Pensar en Carnaval, es, pues, pensar seriamente en Barranquilla, donde gracias a su carácter y policromía el Carnaval le da a Colombia una respuesta excepcional de cultura y un ejemplo de compatibilidad que, de paso no le cuesta un centavo al erario, porque no invierte un denario en seguridad, tropa ni orden público. Porque el desorden de la fiesta, si así puede calificarse la muchedumbre enardecida por la risa y el mensaje de la música que le pone compás a la manifestación, es la más amplia demostración pacifista que se pueda gozar. Donde, además, el pueblo es el que pone la cara, la parranda, la plata y el guayabo, para variar.

Gracias a esos apóstoles de la risa, más que bufones de la ironía por ser intérpretes genuinos, no de una simple fantasía, sino de una realidad que se convierte en mensaje por lo que exalta como en ninguna otra manifestación mundana tanto el apotegma de nuestro mensaje folclórico.

Tal es la filosofía de nuestro carnaval barranquillero. Pachanguero, si se quiere, pero, siempre, repetimos también dentro de un ambiente de camaradería sin ofensas, ni tiraderas contra autoridades; y, si acaso, uno que otro desplantoso cree que se está haciendo el chistoso con semejante barrabasada, no encuentra la aceptación, ni mucho menos el aplauso o la risotada de quienes presencian el abuso que comete con sus desplantes.

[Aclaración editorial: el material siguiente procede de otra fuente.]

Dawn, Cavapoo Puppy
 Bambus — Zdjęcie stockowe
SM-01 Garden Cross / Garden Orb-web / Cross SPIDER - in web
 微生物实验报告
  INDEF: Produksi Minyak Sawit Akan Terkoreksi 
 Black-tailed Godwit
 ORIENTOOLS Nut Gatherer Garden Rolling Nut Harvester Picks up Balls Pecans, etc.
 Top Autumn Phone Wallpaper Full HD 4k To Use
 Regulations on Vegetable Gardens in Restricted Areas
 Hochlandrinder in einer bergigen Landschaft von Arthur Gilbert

Así, también, las comparsas de los centros sociales, donde se lucen las galas de bellísimas coreografías, propias de aquellos escenarios lujosos donde se realizan bailes sensacionales evocando disfraces mundiales y figuras decorativas de otros carnavales universales, todo con buen gusto, elegancia y tanto señorío cuanto sabe llevar a cabo un espectáculo digno de la imaginación y la experiencia de artistas consagrados a su profesión.

Y, llega el martes, último día de la farra, con el entierro de “Joselito” y la comparsa de sus viudas. Sainete que rebosa de picardía con el cual, en el viejo carnaval de “La Arenosa” se cerraba en las horas de la tarde con la concentración de “La Conquista” la temporada carnavalera hasta el año entrante.

A las cinco de la madrugada del miércoles de ceniza, en la misa de los penitentes, van desfilando algunos badulaques que van a confesar los siete pecados genitales que cometieron durante toda la temporada. Con su cabeza empolvá todavía, el rostro lívido, mientras el sacerdote les coloca en la frente el símbolo de la reconciliación repitiendo las palabras al penitente ¡Acuérdate hombre, que polvo eres y en polvo te has de convertir!... El muy polvo también, dándose golpes de pecho, murmura entre dientes... ¡Por mi pea culpa!... ¡Por mi pea culpa!... Por mi peaísima culpa!

En fin, ¡Carnaval es carnaval y lo demás son vainas!